[Start of Attachment]
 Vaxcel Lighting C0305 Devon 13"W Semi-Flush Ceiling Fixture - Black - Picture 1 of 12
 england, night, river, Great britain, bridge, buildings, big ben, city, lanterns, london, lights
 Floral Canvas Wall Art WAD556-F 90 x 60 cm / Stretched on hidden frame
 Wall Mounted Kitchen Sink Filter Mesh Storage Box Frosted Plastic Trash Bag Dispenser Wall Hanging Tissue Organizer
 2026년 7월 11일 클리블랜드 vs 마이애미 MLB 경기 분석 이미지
[End of Attachment]
[Start of Attachment]
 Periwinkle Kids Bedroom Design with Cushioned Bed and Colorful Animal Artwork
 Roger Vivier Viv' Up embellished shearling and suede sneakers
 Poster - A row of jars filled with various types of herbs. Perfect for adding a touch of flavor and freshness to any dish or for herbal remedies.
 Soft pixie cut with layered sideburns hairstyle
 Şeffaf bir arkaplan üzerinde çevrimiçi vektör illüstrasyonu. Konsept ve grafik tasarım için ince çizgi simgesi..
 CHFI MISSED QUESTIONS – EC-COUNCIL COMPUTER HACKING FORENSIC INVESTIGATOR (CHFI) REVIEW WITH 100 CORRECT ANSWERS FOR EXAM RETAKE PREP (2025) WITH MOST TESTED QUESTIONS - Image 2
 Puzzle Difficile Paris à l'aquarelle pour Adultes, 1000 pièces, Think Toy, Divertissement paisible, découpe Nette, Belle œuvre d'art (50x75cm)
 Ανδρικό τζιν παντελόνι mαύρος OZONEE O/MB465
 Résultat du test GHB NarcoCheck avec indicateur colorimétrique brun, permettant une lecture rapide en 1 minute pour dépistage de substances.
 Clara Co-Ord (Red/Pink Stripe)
[End of Attachment]
[Start of Attachment]
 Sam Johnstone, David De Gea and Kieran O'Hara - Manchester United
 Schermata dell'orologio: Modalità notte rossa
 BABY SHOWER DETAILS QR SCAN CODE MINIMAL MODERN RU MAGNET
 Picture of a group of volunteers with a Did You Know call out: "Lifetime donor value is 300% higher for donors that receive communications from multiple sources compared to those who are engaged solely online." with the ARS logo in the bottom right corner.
[End of Attachment]
» **The task**
Using the records above, restate word for word the lines from the one with "Vaxcel Lighting C0305" through the one with "2026년 7월 11일 클리블랜드 vs 마이애미 MLB 경기 분석 이미지", both included.

» **Task result**
 Vaxcel Lighting C0305 Devon 13"W Semi-Flush Ceiling Fixture - Black - Picture 1 of 12
 england, night, river, Great britain, bridge, buildings, big ben, city, lanterns, london, lights
 Floral Canvas Wall Art WAD556-F 90 x 60 cm / Stretched on hidden frame
 Wall Mounted Kitchen Sink Filter Mesh Storage Box Frosted Plastic Trash Bag Dispenser Wall Hanging Tissue Organizer
 2026년 7월 11일 클리블랜드 vs 마이애미 MLB 경기 분석 이미지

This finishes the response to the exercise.